Regression slope that increases persistently as my sample size increases I found a peculiar feature in some data that I am analyzing and was wondering whether there was a technical term for this type of phenomenon and whether anyone has come across it before.
I am doing a ordinary least squares linear regression of one financial time series on another, both of which appear stationary (bond yields and dividend yields for a specific sector).
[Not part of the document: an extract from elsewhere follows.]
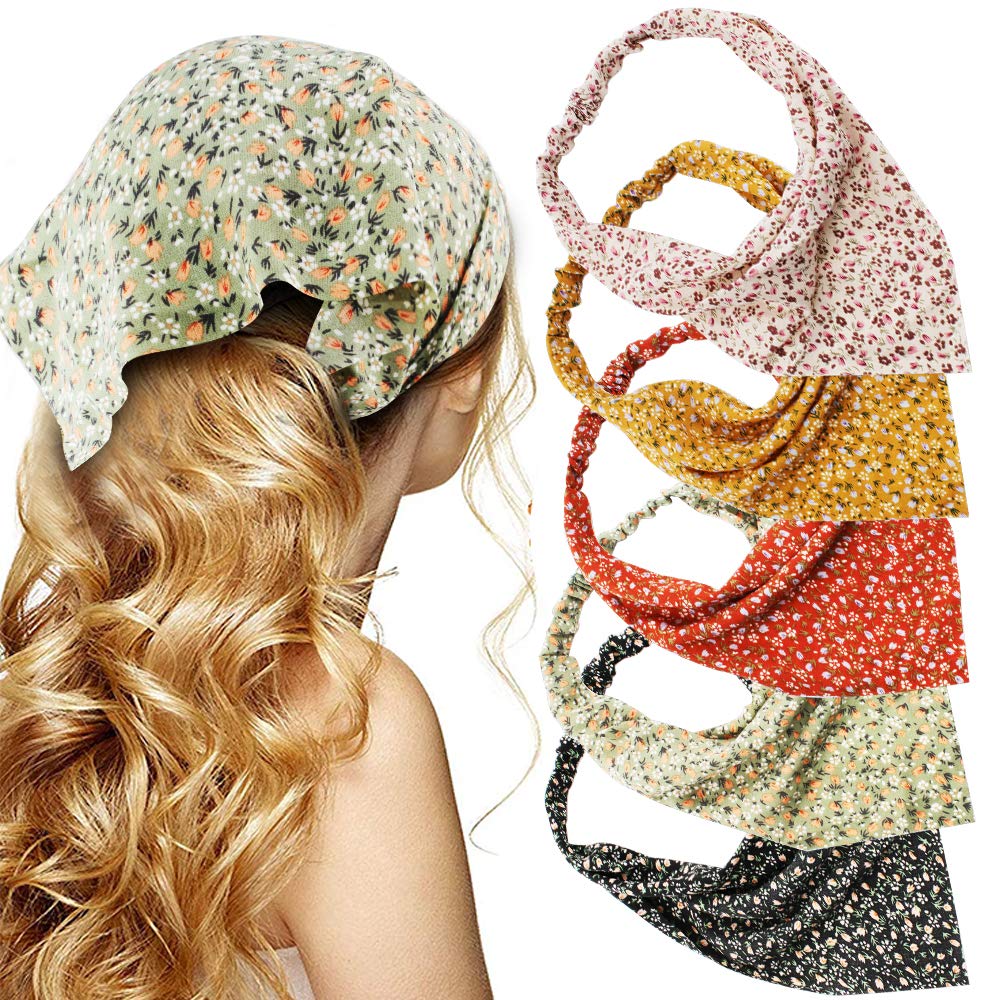 TOBATOBA floral bandana headband with vivid print for daily outfits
I am not using shrinkage.  If I run the regression over small samples of the data (e.g. rolling 1-year periods), the regression slope (the estimated coefficient to the independent variable) is quite low and the intercept (relatively high.  However, the more the sample size increases, the higher the slope becomes and the lower the intercept (i.e. the regression line steepens).  This increase in slope (and corresponding decrease in intercept) appears surprisingly monotonic for increases in sample size.
Let me illustrate what is going on more precisely.  I am using weekly observations, across 14 years.  If I group the data by year, and run the regression separately for each year, the highest year with the highest regression slope records a slope of 1.07.  The slope for the entire data set is however much higher at 1.79.  It seems to me like the relationship is much weaker over small data sets than over the entire data set, or in this case weaker in the long-term than in the short-term.  I.e. the one variable influences the other more in the long-term than short-term.
A colleague of mine thinks that the problem can be framed in terms of signal processing, and has posted the following question:  https://dsp.stackexchange.com/questions/25323/frequency-response-of-a-rolling-linear-regression.  I was wondering whether there was a purely statistical answer, and would greatly appreciate any help.  Specifically: 1) is there a technical term for this type of phenomenon, 2) is there a better way to detect it and test its significance and 3) are there any places in nature or elsewhere where this typically occurs?
Here is a sample of the data illustrating the issue:

The thick grey line is the regression over all data; the colored lines/points are for selected individual years.
 A: From the plot, it's not clear how these are "stationary" time series, as the mean values of both clearly change from year to year. Both these time series seem to have significant and correlated overall trends, in this case presumably due to underlying macroeconomic phenomena that affect both dividend and bond yields. 
The high regression coefficients over long time periods represent the joint responses of both variables to those underlying phenomena, which account for much of the variance in either type of yield over those periods of time. Over shorter time periods where the macroeconomic influences might be relatively constant, you are tending more to examine possible (and presumably weaker) inter-relations between the 2 variables.
Proper analysis of time series typically starts with identifying and removing these overall trends and any seasonal (or similar) components before examining the intra-series and inter-series correlations. If you are going to be analyzing econometric time series, draw on the decades of literature and take advantage of well-vetted tools like those provided in R.